REQUIRED WORK: In the data below, find the line containing "2023 Toyota Corolla" and the line containing "Indian Giver Signed", then reproduce them and every line between, exactly. Omit pictures.

EXTRACTED INFORMATION:
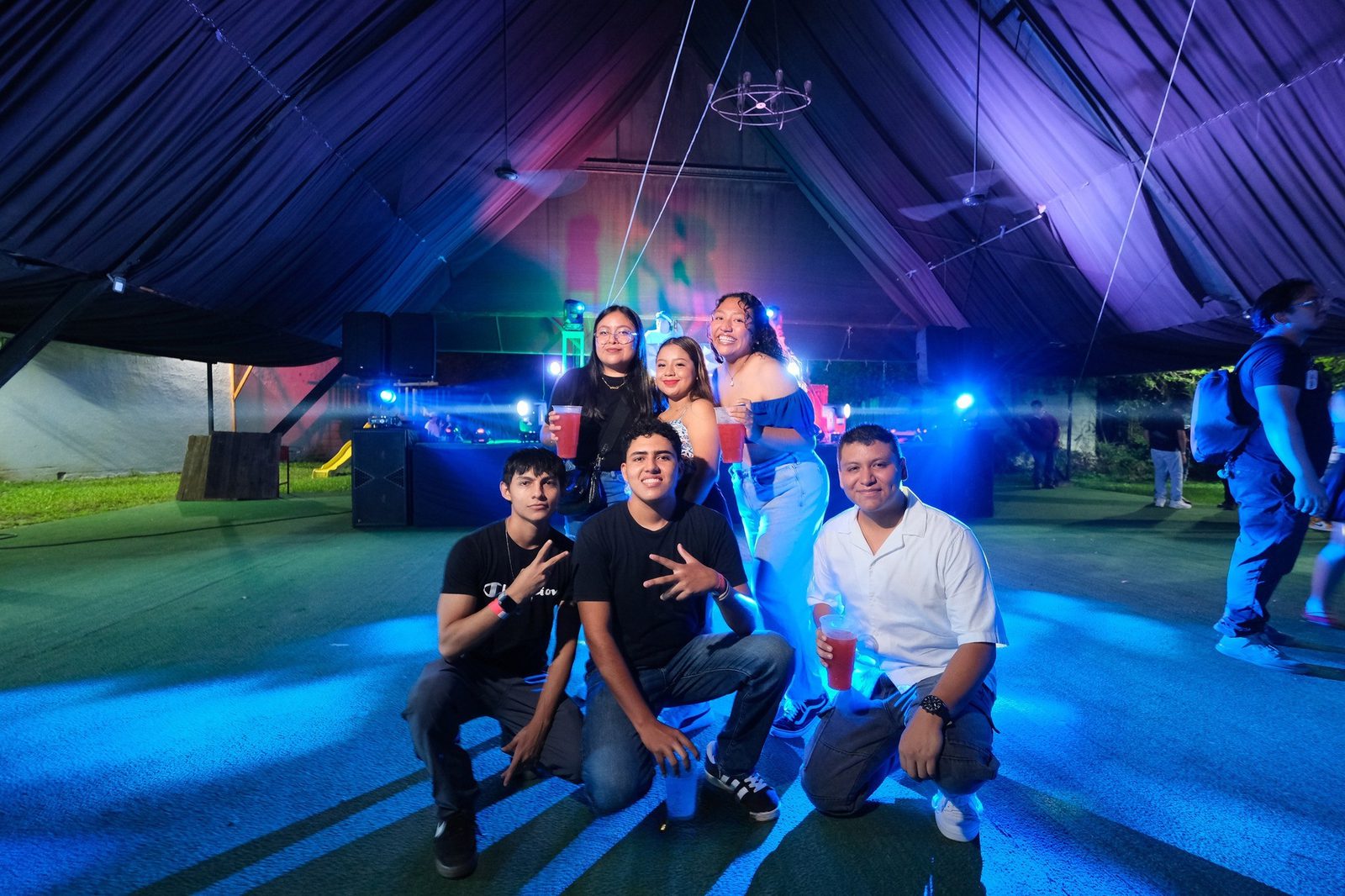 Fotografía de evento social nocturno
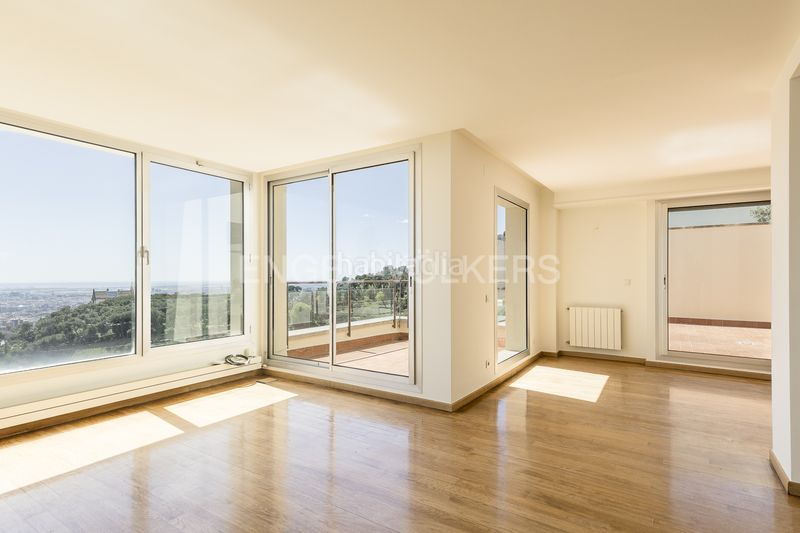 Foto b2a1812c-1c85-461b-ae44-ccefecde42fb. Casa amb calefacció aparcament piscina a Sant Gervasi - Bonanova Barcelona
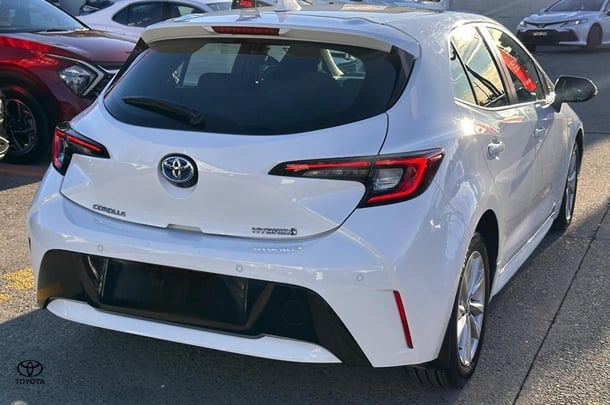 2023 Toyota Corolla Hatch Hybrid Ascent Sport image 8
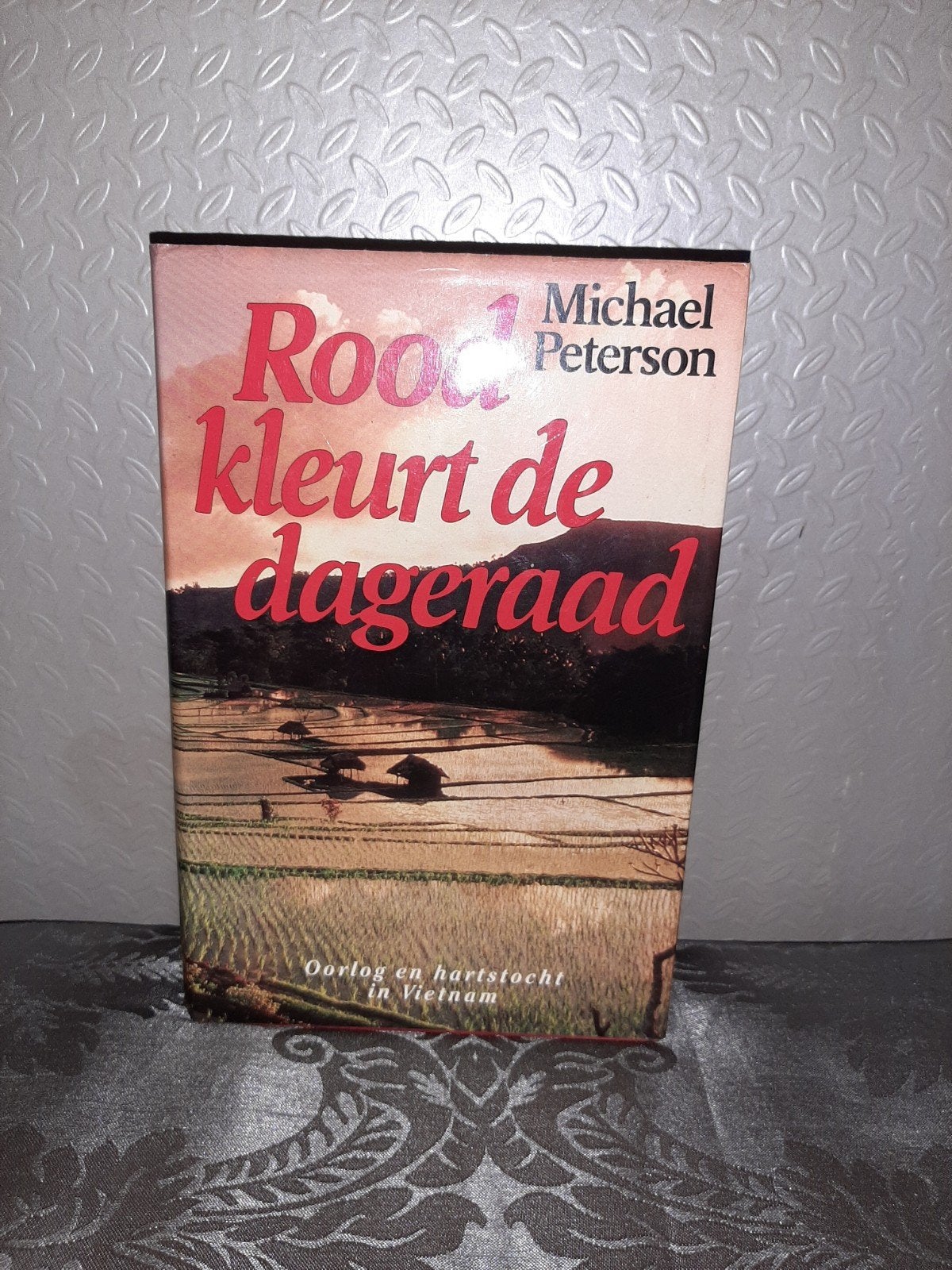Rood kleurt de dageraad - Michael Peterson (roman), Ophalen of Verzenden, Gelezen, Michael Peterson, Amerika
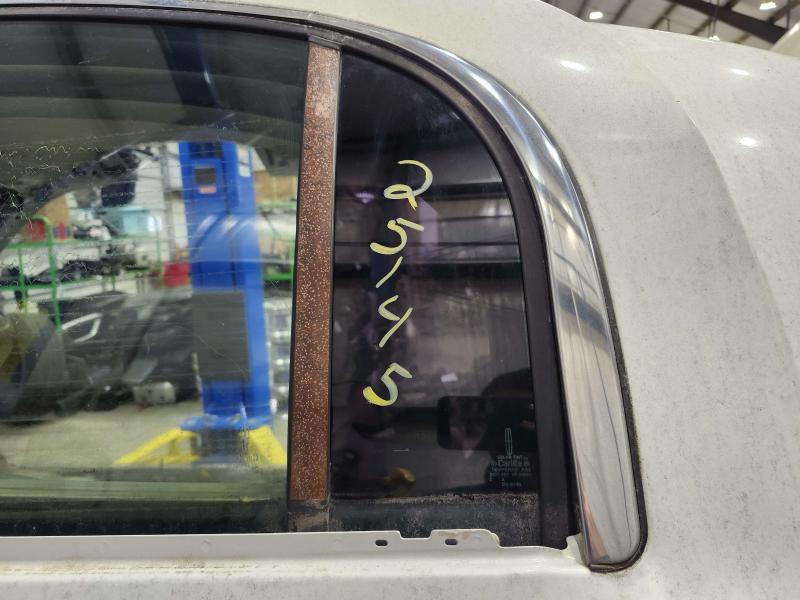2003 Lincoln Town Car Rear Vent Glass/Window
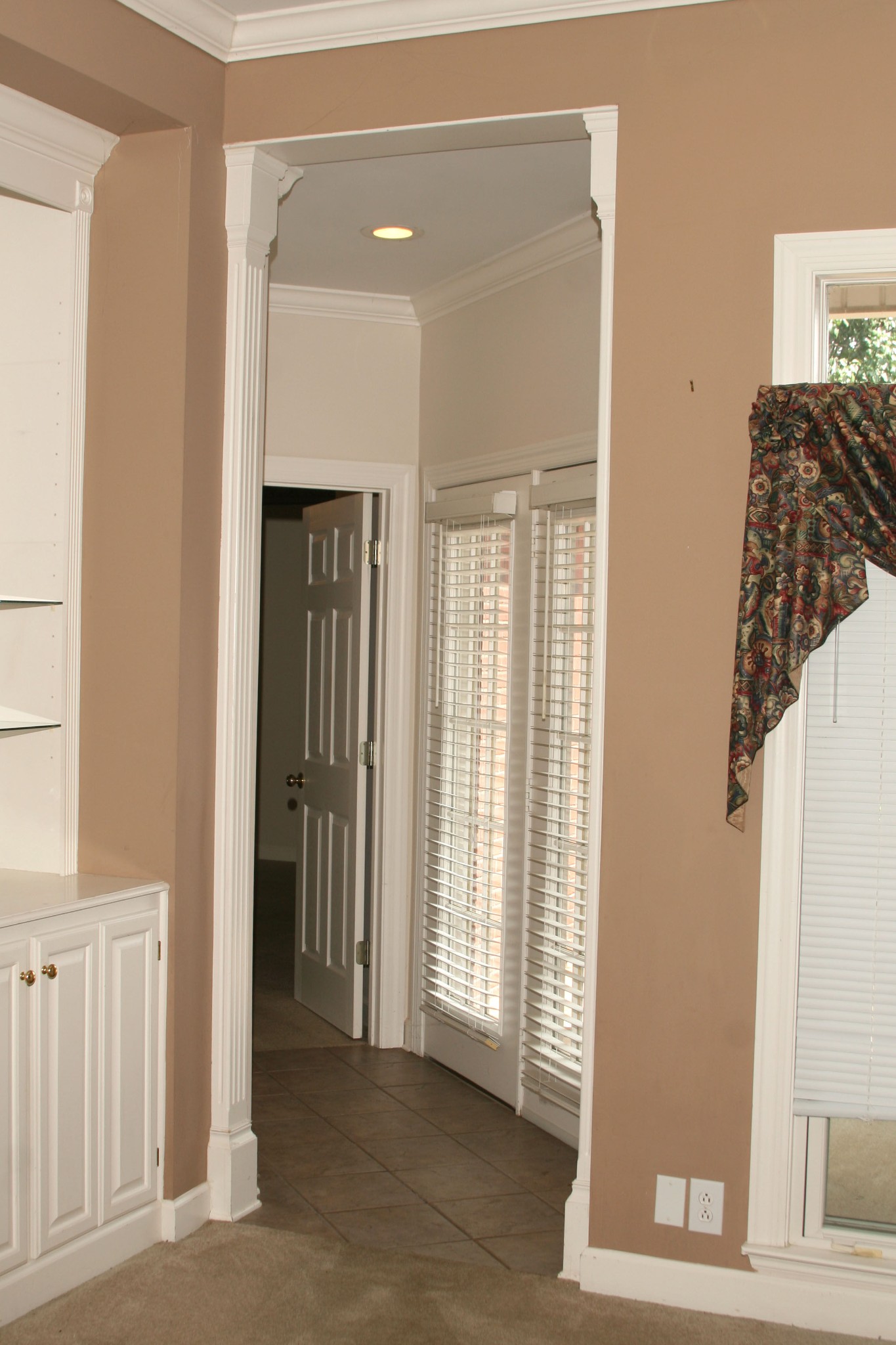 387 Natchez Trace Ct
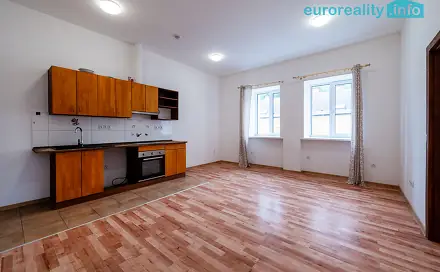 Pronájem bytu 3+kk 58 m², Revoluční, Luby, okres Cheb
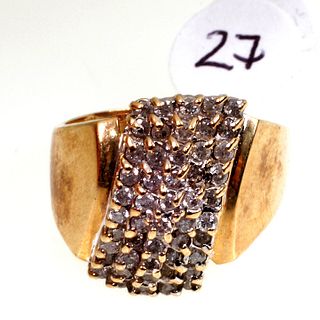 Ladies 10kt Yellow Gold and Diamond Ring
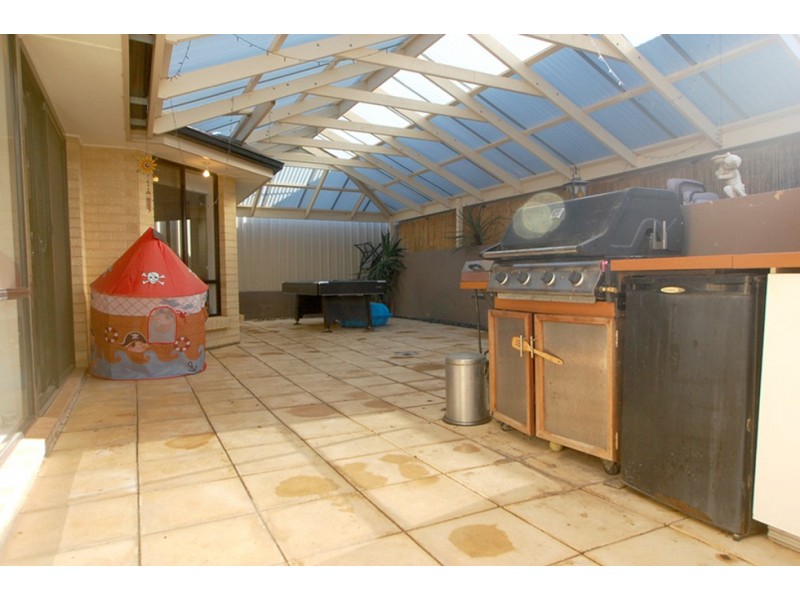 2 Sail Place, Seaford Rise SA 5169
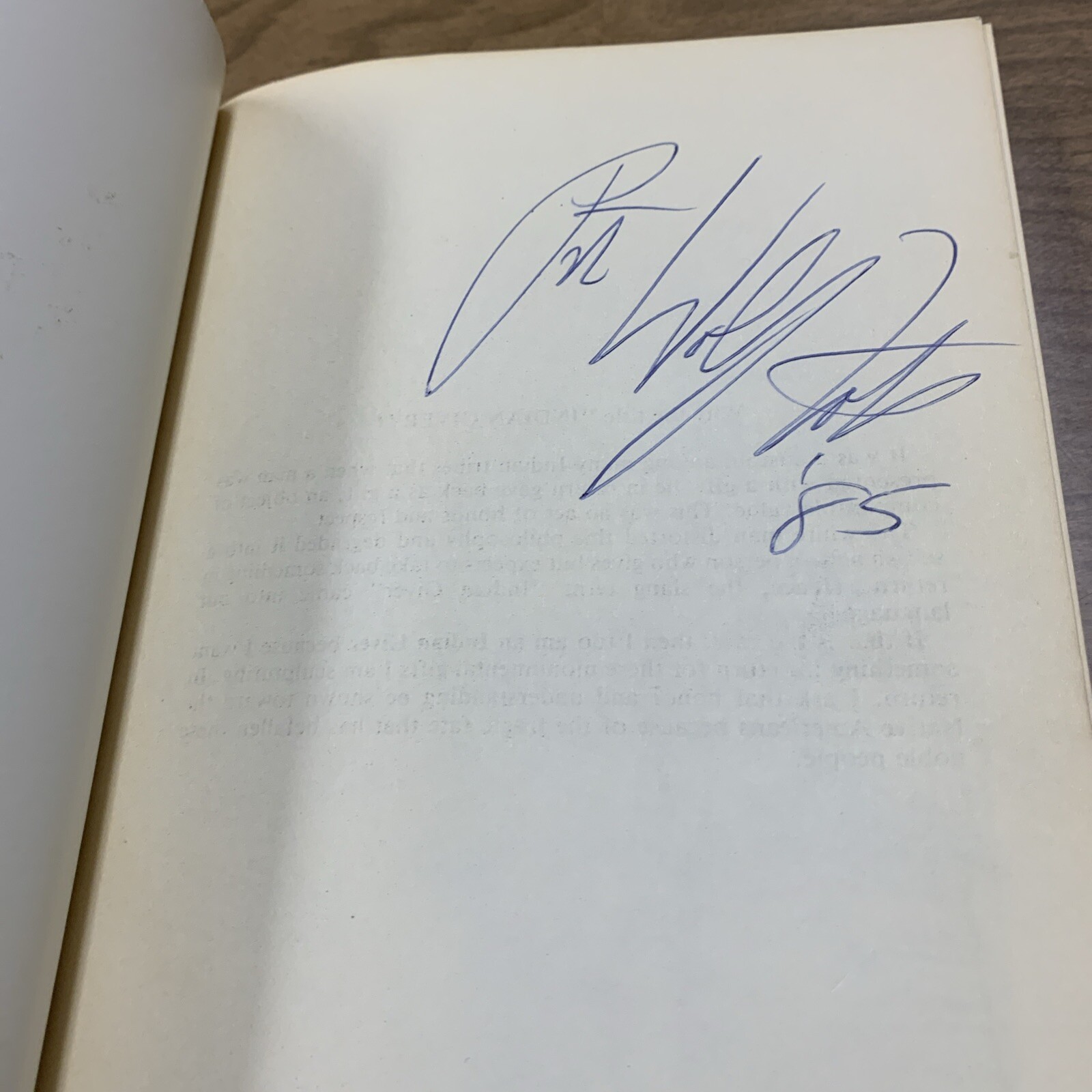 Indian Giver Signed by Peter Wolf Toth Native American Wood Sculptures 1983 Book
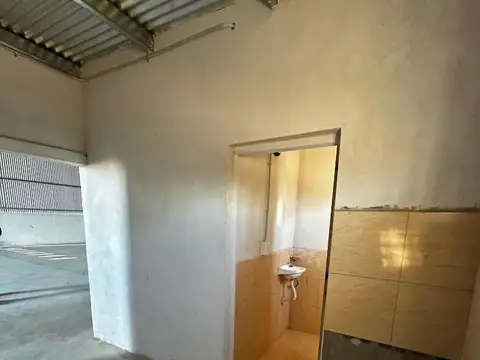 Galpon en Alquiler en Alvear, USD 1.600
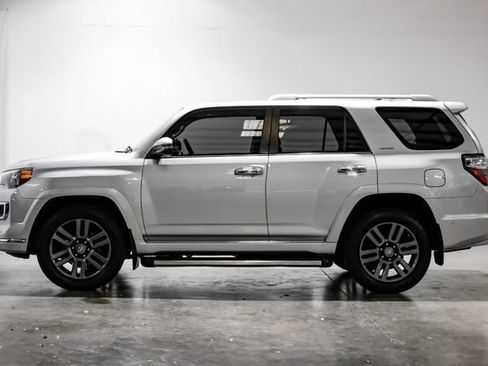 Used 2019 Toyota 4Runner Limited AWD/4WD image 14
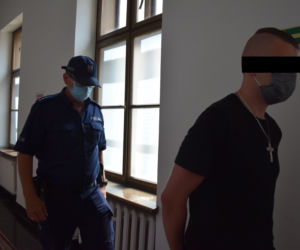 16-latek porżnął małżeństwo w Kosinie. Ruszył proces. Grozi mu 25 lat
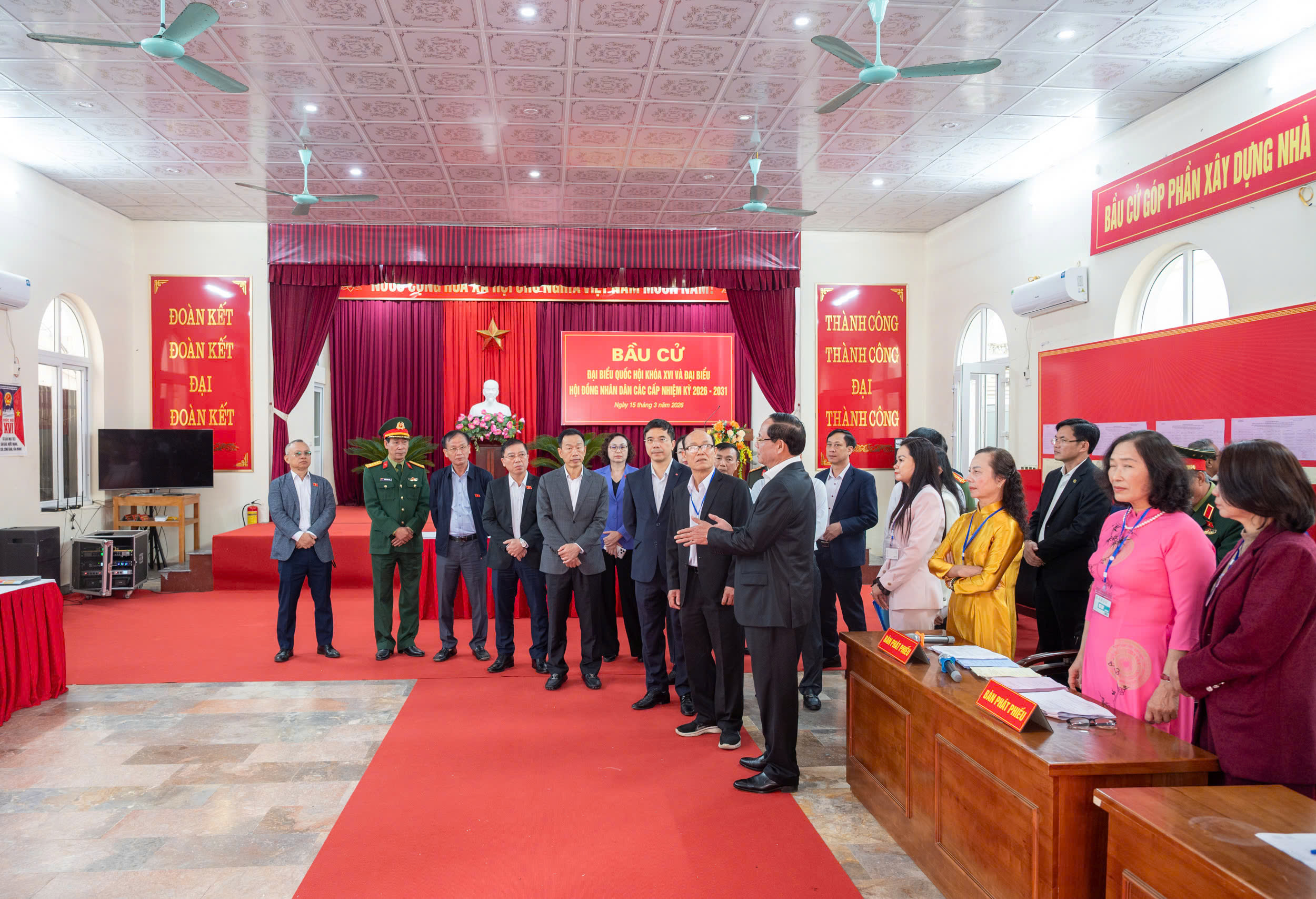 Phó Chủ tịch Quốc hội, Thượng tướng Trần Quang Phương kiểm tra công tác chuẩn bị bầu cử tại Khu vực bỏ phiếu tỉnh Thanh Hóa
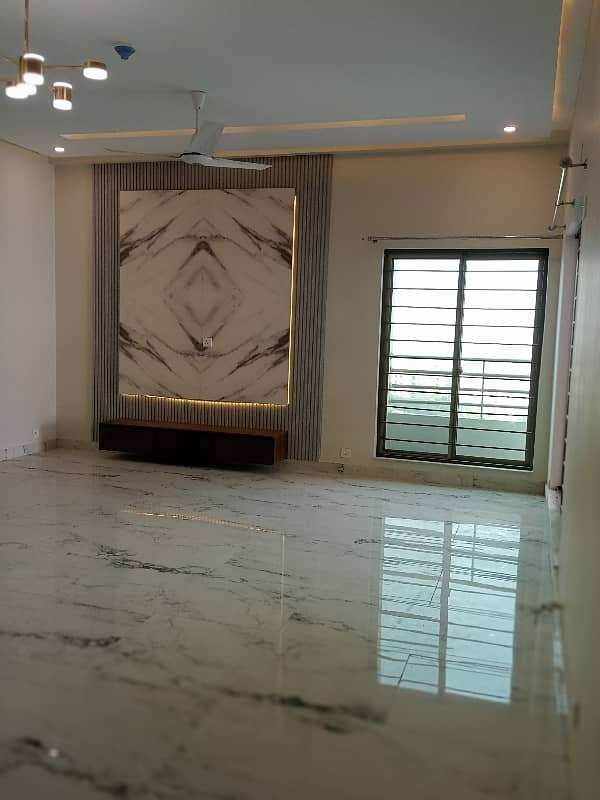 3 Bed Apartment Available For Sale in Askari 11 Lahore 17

WRITTEN ANSWER:
 2023 Toyota Corolla Hatch Hybrid Ascent Sport image 8
Rood kleurt de dageraad - Michael Peterson (roman), Ophalen of Verzenden, Gelezen, Michael Peterson, Amerika
2003 Lincoln Town Car Rear Vent Glass/Window
 387 Natchez Trace Ct
 Pronájem bytu 3+kk 58 m², Revoluční, Luby, okres Cheb
 Ladies 10kt Yellow Gold and Diamond Ring
 2 Sail Place, Seaford Rise SA 5169
 Indian Giver Signed by Peter Wolf Toth Native American Wood Sculptures 1983 Book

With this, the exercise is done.